DATA FOR THIS TASK:
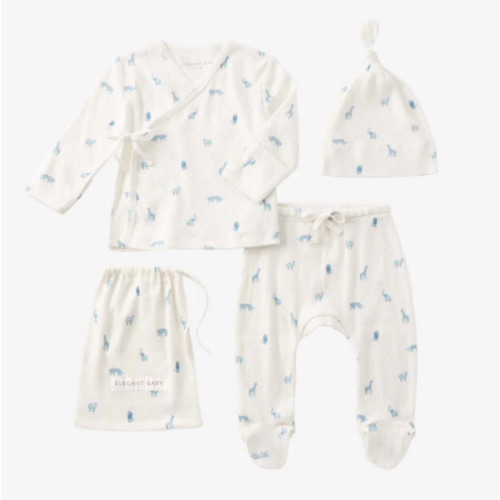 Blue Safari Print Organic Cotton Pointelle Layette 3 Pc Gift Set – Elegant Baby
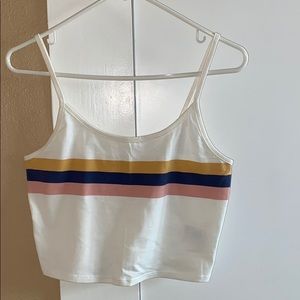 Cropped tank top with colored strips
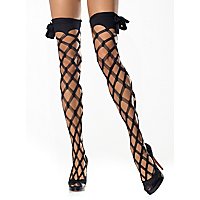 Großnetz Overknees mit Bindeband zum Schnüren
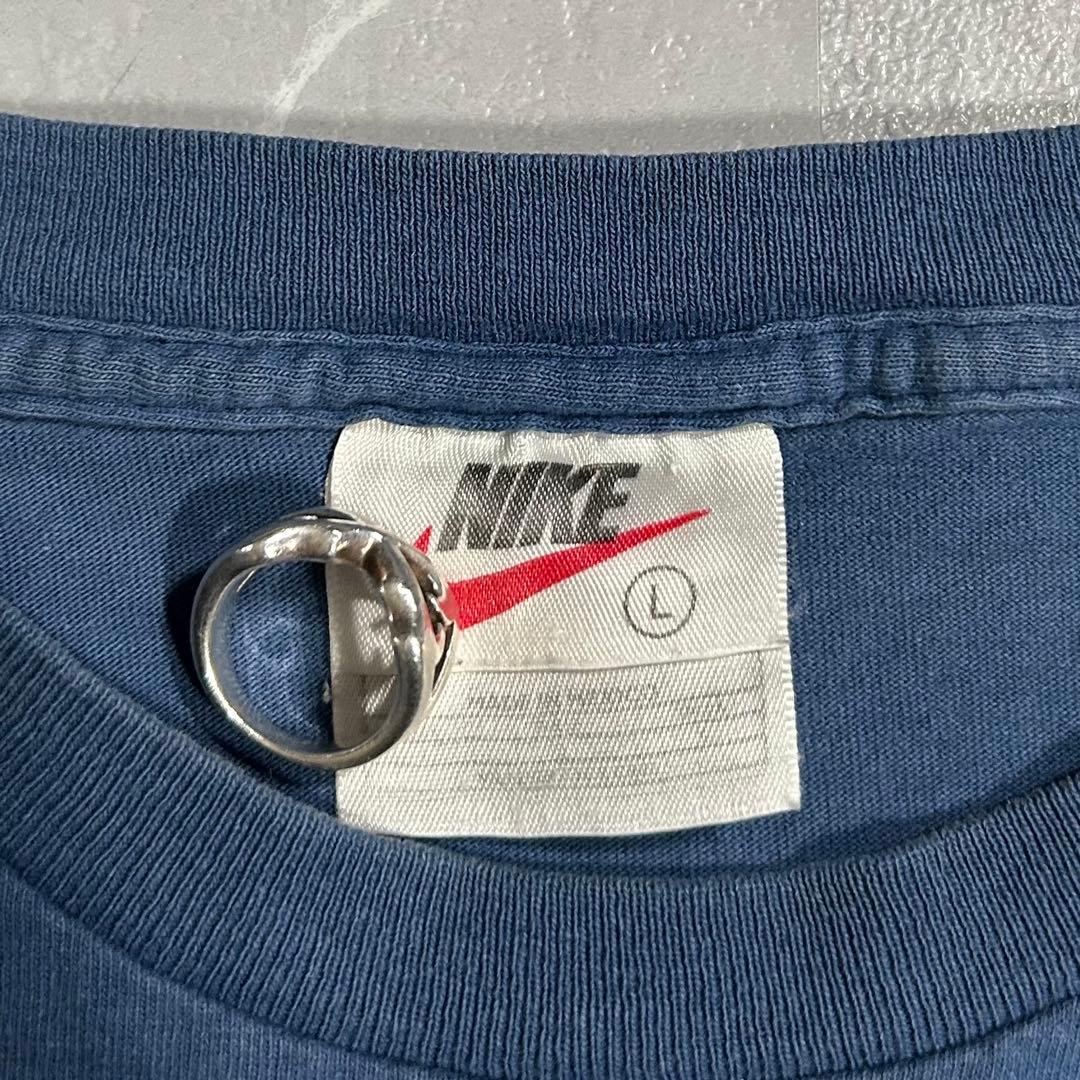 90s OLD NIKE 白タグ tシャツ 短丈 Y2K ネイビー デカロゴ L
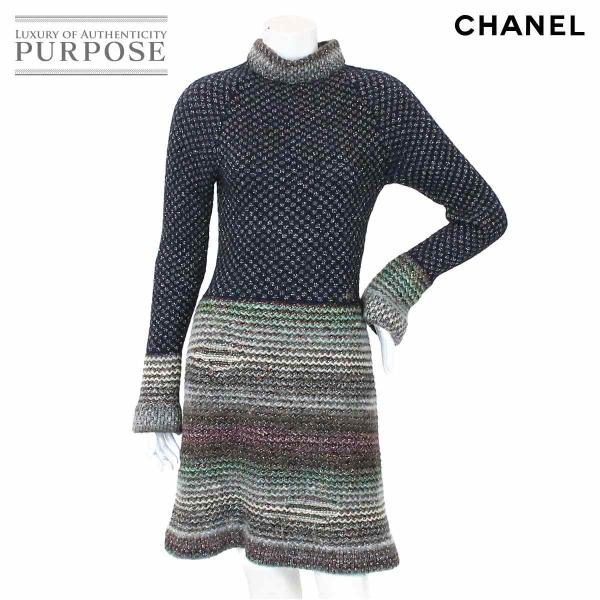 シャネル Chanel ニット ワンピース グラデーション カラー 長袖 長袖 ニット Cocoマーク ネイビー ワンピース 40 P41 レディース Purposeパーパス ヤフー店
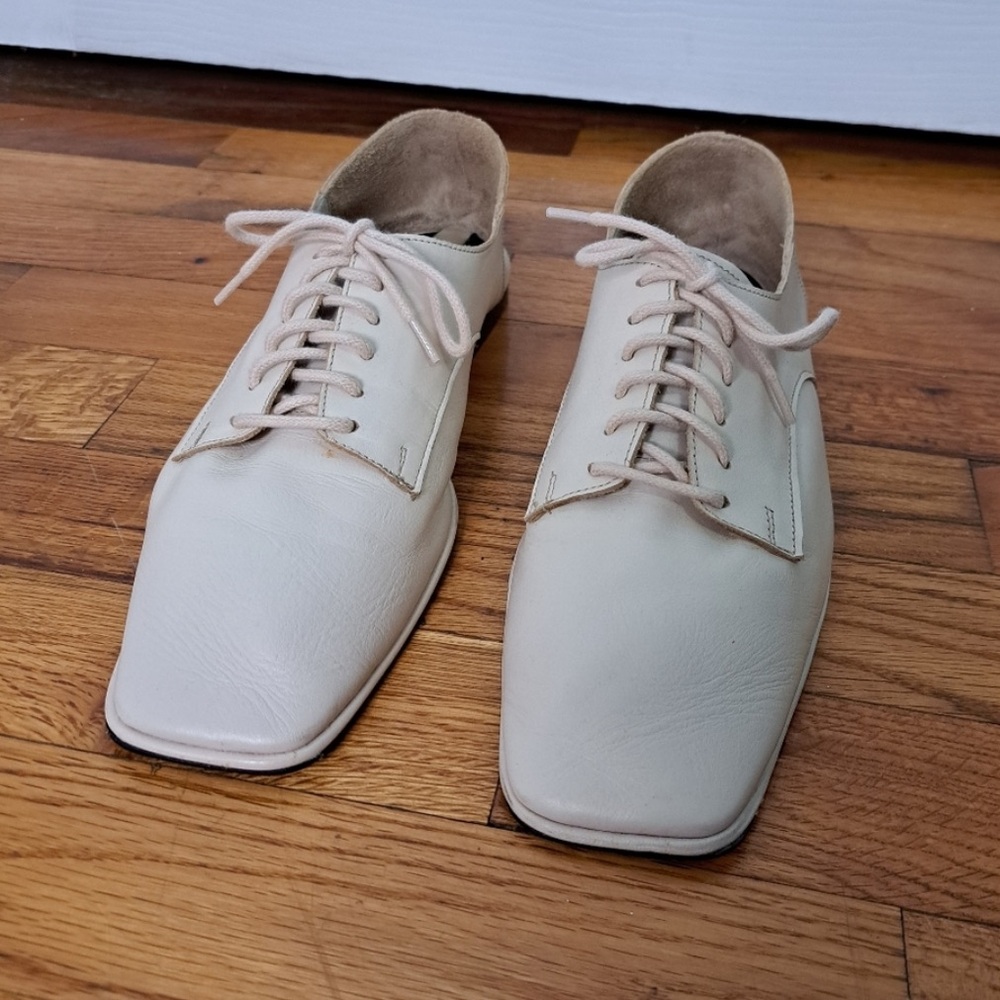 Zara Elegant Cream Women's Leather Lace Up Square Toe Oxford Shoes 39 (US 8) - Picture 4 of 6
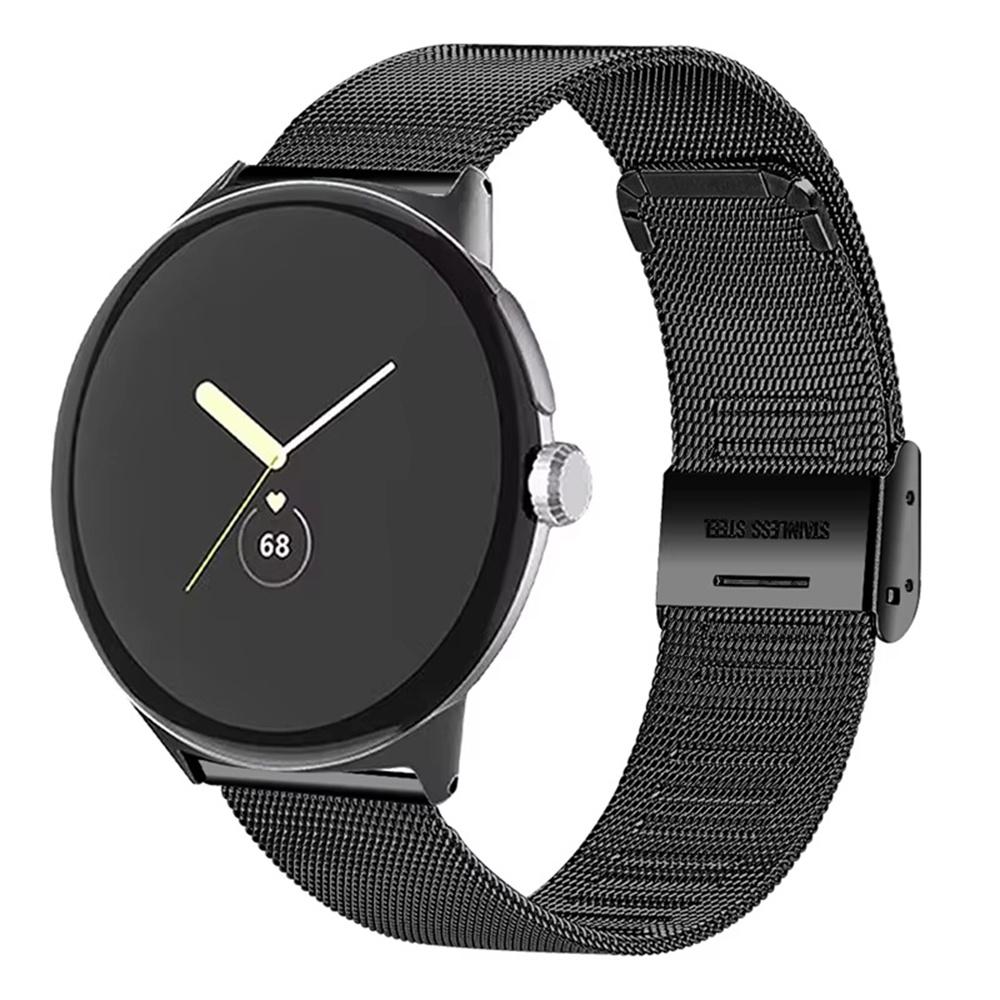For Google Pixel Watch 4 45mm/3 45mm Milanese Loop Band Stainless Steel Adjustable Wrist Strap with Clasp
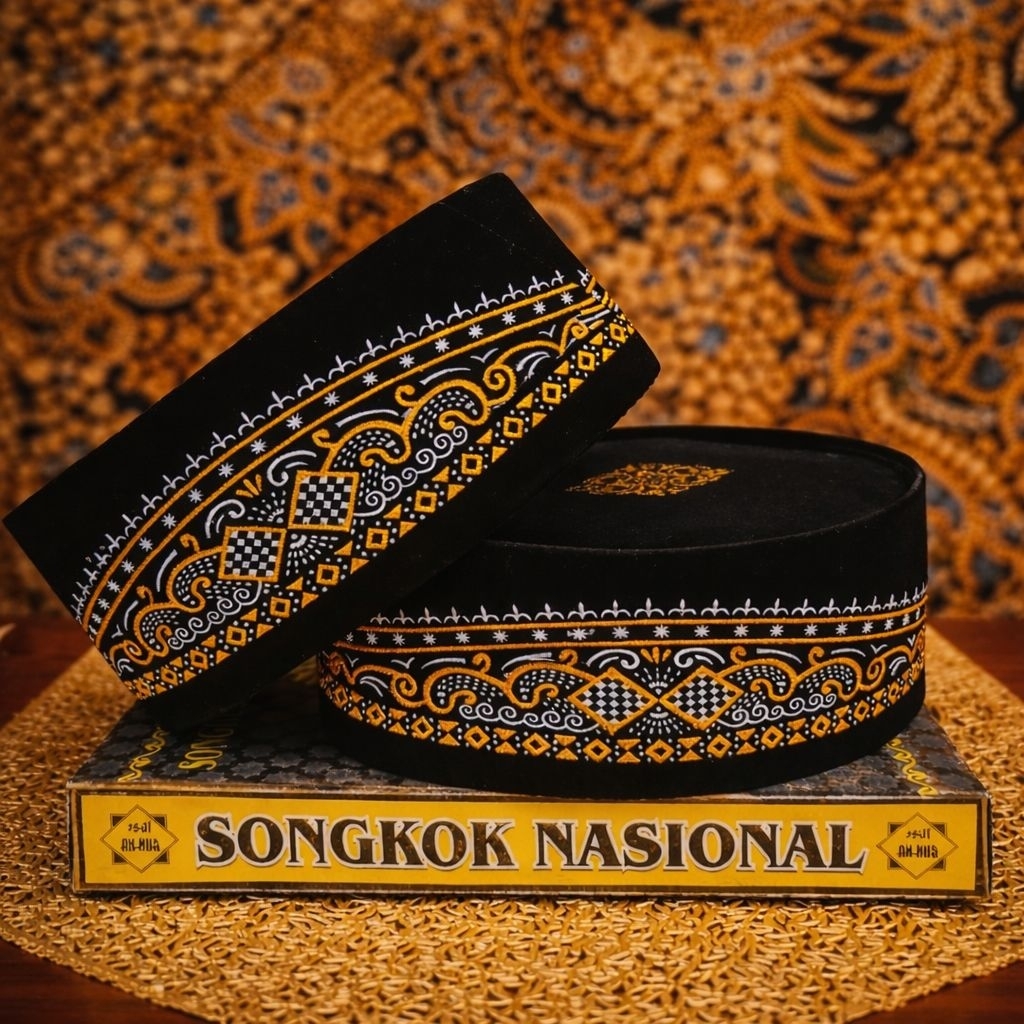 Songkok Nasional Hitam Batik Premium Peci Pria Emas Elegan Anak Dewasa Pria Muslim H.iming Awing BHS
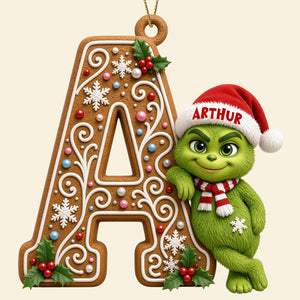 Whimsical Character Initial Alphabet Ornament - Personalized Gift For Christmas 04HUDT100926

WHAT YOU HAVE TO DO:
Respond with the exact lines above running from the one containing "Cropped tank top with colored strips" to the one containing "Zara Elegant Cream", both ends kept and no pictures included.

TASK ANSWER:
 Cropped tank top with colored strips
 Großnetz Overknees mit Bindeband zum Schnüren
 90s OLD NIKE 白タグ tシャツ 短丈 Y2K ネイビー デカロゴ L
 シャネル Chanel ニット ワンピース グラデーション カラー 長袖 長袖 ニット Cocoマーク ネイビー ワンピース 40 P41 レディース Purposeパーパス ヤフー店
 Zara Elegant Cream Women's Leather Lace Up Square Toe Oxford Shoes 39 (US 8) - Picture 4 of 6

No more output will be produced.